(Prompt)
Copying rule for the data below: pictures stay out, and only the lines from the one with "Distribution of house" down to the one with "överenskommelser rörande förhållandet", inclusive, are repeated exactly.

(Information provided)
══════════════════════════════

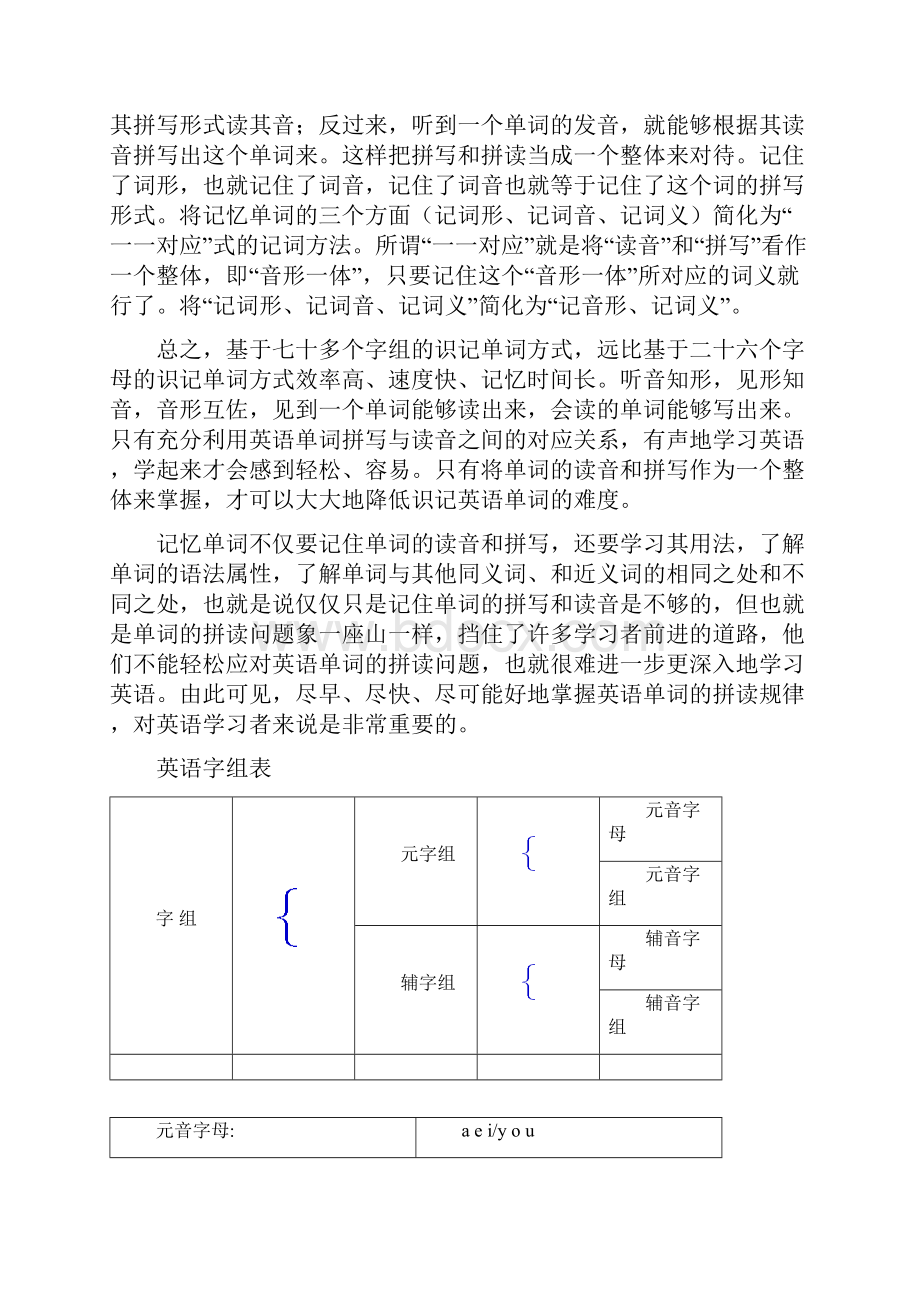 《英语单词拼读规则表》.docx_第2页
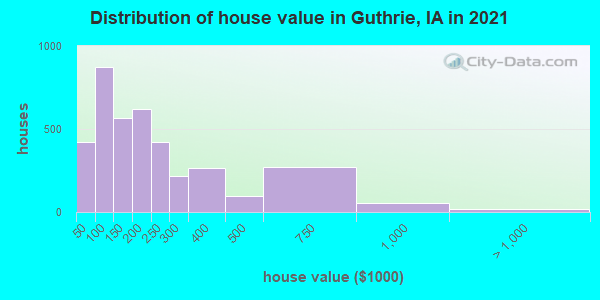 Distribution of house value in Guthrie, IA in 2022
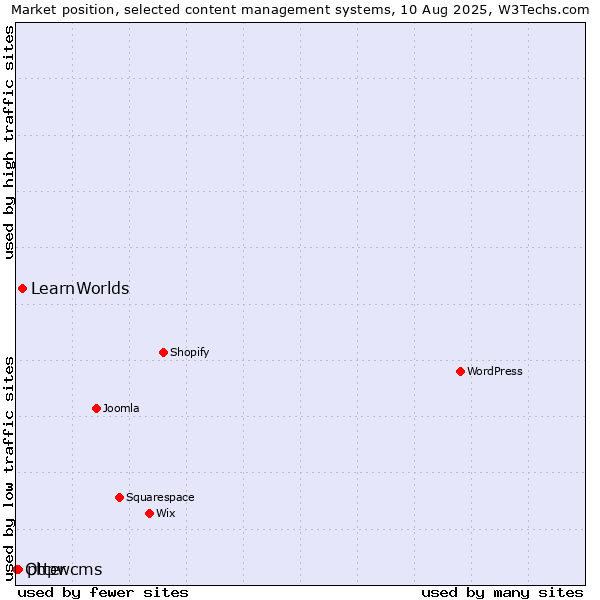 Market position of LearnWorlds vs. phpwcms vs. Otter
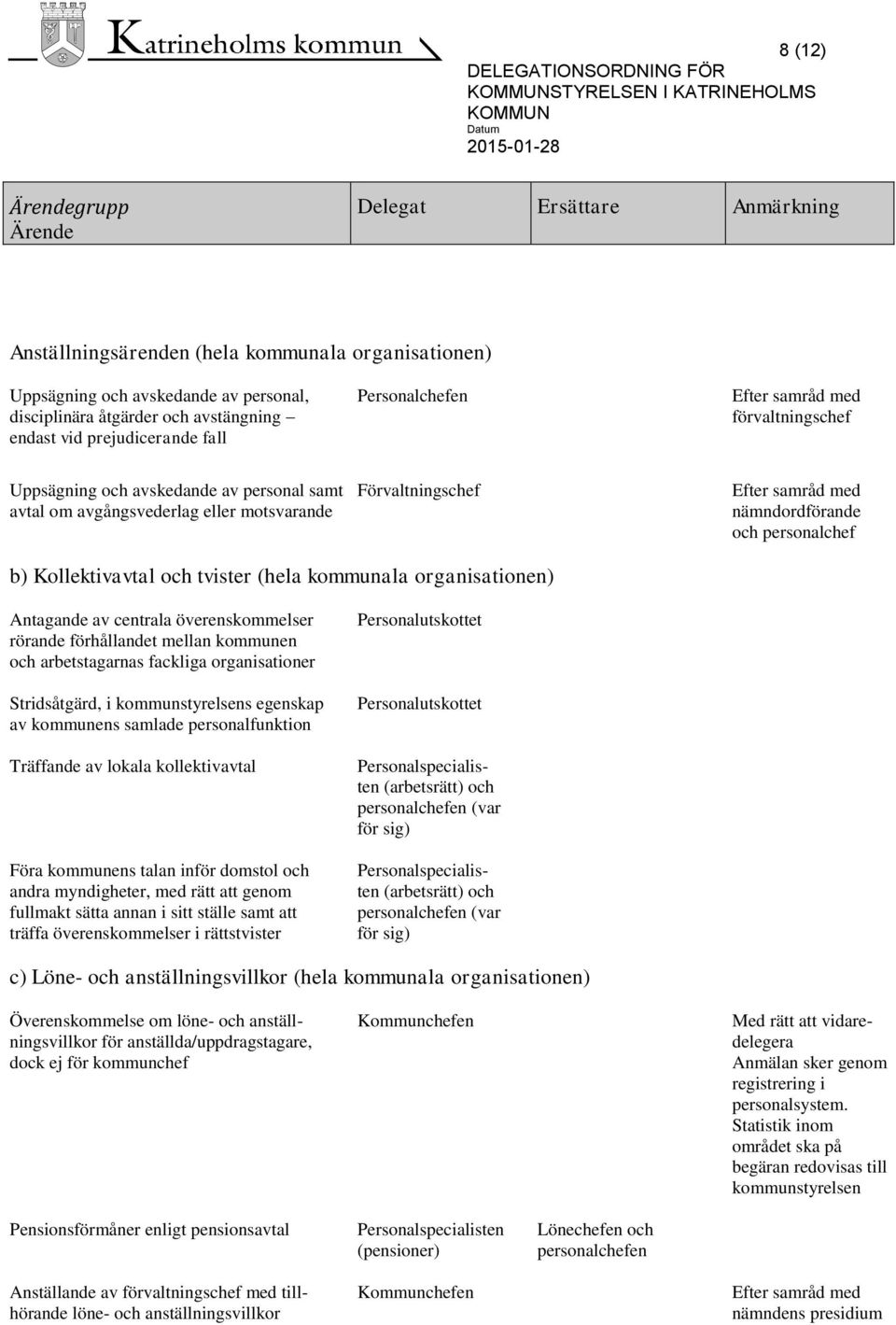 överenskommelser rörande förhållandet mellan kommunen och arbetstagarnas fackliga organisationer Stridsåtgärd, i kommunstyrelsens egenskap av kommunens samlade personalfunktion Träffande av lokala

══════════════════════════════

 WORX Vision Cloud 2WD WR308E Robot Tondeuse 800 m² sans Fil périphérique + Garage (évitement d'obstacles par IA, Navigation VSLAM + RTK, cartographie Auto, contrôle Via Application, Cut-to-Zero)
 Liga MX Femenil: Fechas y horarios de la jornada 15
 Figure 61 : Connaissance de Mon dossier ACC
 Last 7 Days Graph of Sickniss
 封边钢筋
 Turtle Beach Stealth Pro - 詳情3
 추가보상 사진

══════════════════════════════

(Response to the task)
 Distribution of house value in Guthrie, IA in 2022
 Market position of LearnWorlds vs. phpwcms vs. Otter
 överenskommelser rörande förhållandet mellan kommunen och arbetstagarnas fackliga organisationer Stridsåtgärd, i kommunstyrelsens egenskap av kommunens samlade personalfunktion Träffande av lokala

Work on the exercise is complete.